Exercise instructions:
Pictures excluded, return every entry exactly, please.
Start of Records to process
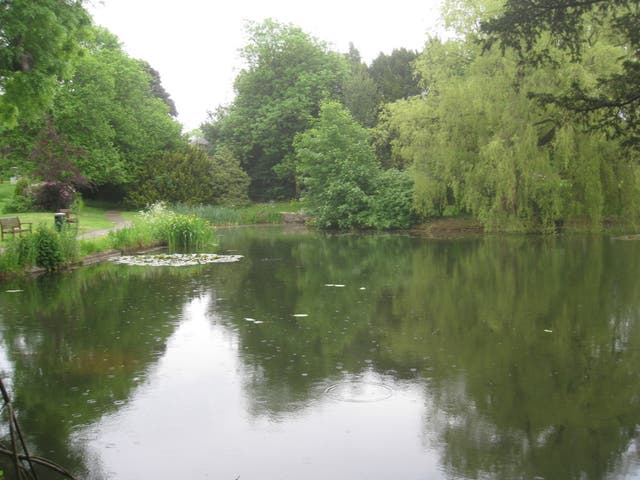 <p>The boy was found at Swanwick Lakes, near Fareham</p>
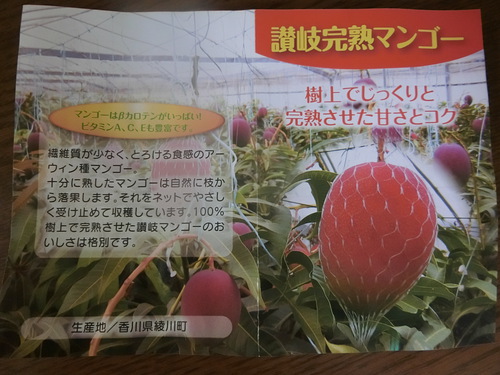 香川産のマンゴーを食べる。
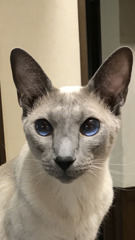 我が家のネコ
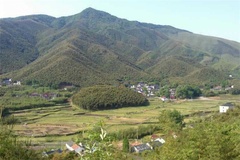 山景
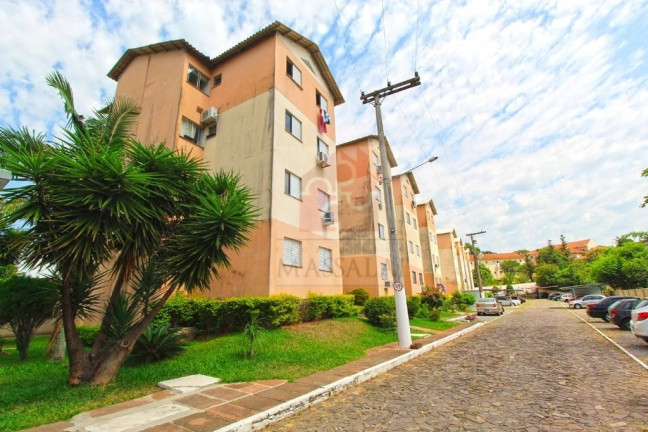 Imagem Apartamento com 2 Quartos à Venda, 44 m² em Nossa Senhora Das Graças - Canoas Imagem Apartamento com 2 Quartos à Venda, 44 m² em Nossa Senhora Das Graças - Canoas
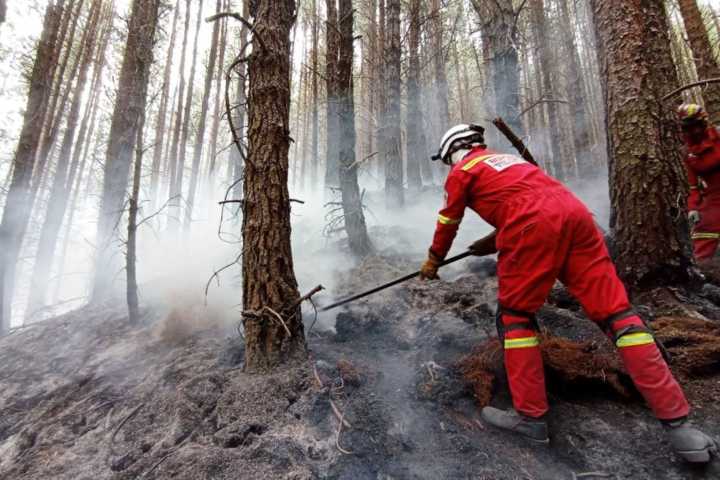 Extinguen siete incendios forestales reportados en Arequipa, Huánuco, Madre de Dios y Puno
End of Records to process
Completed task:
 <p>The boy was found at Swanwick Lakes, near Fareham</p>
 香川産のマンゴーを食べる。
 我が家のネコ
 山景
 Imagem Apartamento com 2 Quartos à Venda, 44 m² em Nossa Senhora Das Graças - Canoas Imagem Apartamento com 2 Quartos à Venda, 44 m² em Nossa Senhora Das Graças - Canoas
 Extinguen siete incendios forestales reportados en Arequipa, Huánuco, Madre de Dios y Puno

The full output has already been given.